Supplied entries |
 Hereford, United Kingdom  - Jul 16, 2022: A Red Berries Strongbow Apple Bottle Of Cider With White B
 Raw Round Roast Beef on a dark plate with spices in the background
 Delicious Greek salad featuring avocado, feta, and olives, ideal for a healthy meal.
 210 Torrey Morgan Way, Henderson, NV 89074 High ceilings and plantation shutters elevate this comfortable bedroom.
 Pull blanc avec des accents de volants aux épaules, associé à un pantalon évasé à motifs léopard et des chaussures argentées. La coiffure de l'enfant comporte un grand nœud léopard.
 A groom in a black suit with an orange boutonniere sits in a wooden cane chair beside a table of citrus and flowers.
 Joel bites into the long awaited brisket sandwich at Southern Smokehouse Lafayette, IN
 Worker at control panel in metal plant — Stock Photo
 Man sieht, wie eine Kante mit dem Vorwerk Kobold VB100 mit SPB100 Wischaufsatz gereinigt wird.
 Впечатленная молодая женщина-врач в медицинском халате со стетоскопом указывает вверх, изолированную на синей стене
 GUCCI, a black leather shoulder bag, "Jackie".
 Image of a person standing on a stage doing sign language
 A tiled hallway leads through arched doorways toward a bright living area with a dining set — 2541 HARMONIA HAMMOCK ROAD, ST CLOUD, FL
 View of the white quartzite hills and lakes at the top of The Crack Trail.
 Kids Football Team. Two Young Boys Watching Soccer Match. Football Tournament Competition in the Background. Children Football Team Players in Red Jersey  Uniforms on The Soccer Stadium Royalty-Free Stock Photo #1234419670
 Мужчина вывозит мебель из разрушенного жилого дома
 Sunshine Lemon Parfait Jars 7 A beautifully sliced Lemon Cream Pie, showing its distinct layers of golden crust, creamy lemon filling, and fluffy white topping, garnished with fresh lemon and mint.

What is being asked | Transcribe the listing above verbatim.

Result of the task |
 Hereford, United Kingdom  - Jul 16, 2022: A Red Berries Strongbow Apple Bottle Of Cider With White B
 Raw Round Roast Beef on a dark plate with spices in the background
 Delicious Greek salad featuring avocado, feta, and olives, ideal for a healthy meal.
 210 Torrey Morgan Way, Henderson, NV 89074 High ceilings and plantation shutters elevate this comfortable bedroom.
 Pull blanc avec des accents de volants aux épaules, associé à un pantalon évasé à motifs léopard et des chaussures argentées. La coiffure de l'enfant comporte un grand nœud léopard.
 A groom in a black suit with an orange boutonniere sits in a wooden cane chair beside a table of citrus and flowers.
 Joel bites into the long awaited brisket sandwich at Southern Smokehouse Lafayette, IN
 Worker at control panel in metal plant — Stock Photo
 Man sieht, wie eine Kante mit dem Vorwerk Kobold VB100 mit SPB100 Wischaufsatz gereinigt wird.
 Впечатленная молодая женщина-врач в медицинском халате со стетоскопом указывает вверх, изолированную на синей стене
 GUCCI, a black leather shoulder bag, "Jackie".
 Image of a person standing on a stage doing sign language
 A tiled hallway leads through arched doorways toward a bright living area with a dining set — 2541 HARMONIA HAMMOCK ROAD, ST CLOUD, FL
 View of the white quartzite hills and lakes at the top of The Crack Trail.
 Kids Football Team. Two Young Boys Watching Soccer Match. Football Tournament Competition in the Background. Children Football Team Players in Red Jersey  Uniforms on The Soccer Stadium Royalty-Free Stock Photo #1234419670
 Мужчина вывозит мебель из разрушенного жилого дома
 Sunshine Lemon Parfait Jars 7 A beautifully sliced Lemon Cream Pie, showing its distinct layers of golden crust, creamy lemon filling, and fluffy white topping, garnished with fresh lemon and mint.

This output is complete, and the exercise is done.